# How do you solve  3 > 2|x-2|+5|x-2|?

Aug 8, 2017

Combine like terms; isolate the absolute value; solve for it; rewrite the inequality without the absolute value signs; isolate $x$.

$\frac{11}{7} \text{ "<" "x" "<" } \frac{17}{7}$.

#### Explanation:

Given:

$3 > 2 \left\mid x - 2 \right\mid + 5 \left\mid x - 2 \right\mid$

Step 1: Since the value inside the absolute brackets is the same for both terms on the RHS, we can add them together:

$3 > 7 \left\mid x - 2 \right\mid$

Step 2: We can now isolate the absolute value brackets by dividing both sides by 7, like this:

$\frac{3}{7} > \left\mid x - 2 \right\mid$

Step 3: When the absolute value of something ($x - 2$) is smaller than a specified value ($\frac{3}{7}$), that means its magnitude must be less than that value.

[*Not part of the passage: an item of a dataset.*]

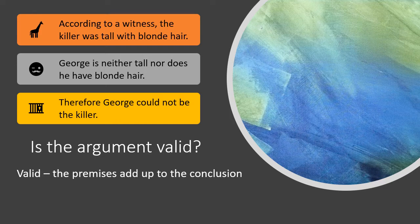One thing we can point out about a valid argument is that you can still argue whether or not the premises are actually true. Even though the George/killer argument is valid, you might say one of the premises may be false. For instance, the first premise — according to a witness, the killer was tall with blonde hair — there are lots of ways to question the truth of that statement. What were the conditions under which the witness made the statement? Were they under some kind of duress?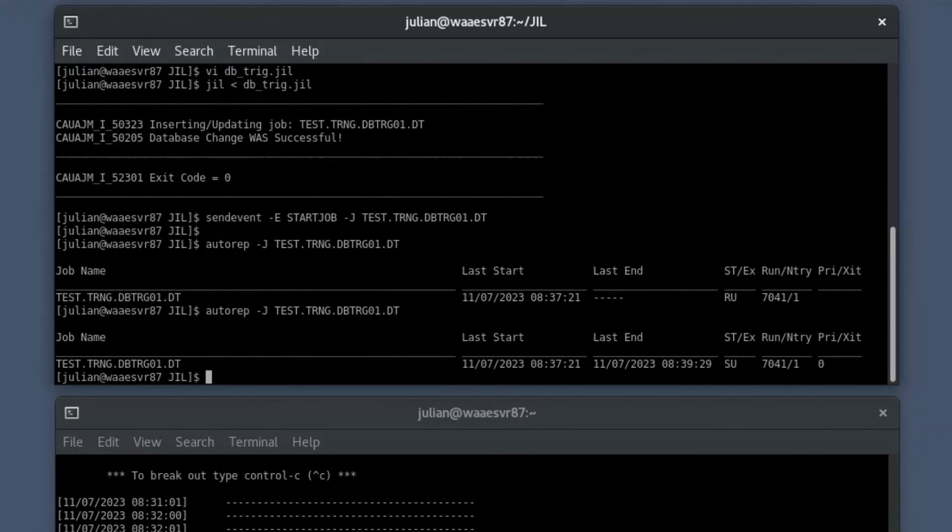The database trigger job initiates the workflow to automatically identify the customer, flag the credit card as lost, and temporarily deactivate the card.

In this case, that means $x - 2$ can be positive or negative, but it must be within $\frac{3}{7}$ units of 0 either way. We can rewrite this as a new inequality, thereby eliminating the absolute value brackets:

–3/7"  "<"  "x-2"  "<"  "3/7

Step 4: Isolate $x$; add 2 to all three "sides".

–3/7+2"  "<"  "x"  "<"  "3/7+2

which reduces to

$\frac{11}{7} \text{ "<" "x" "<" } \frac{17}{7}$.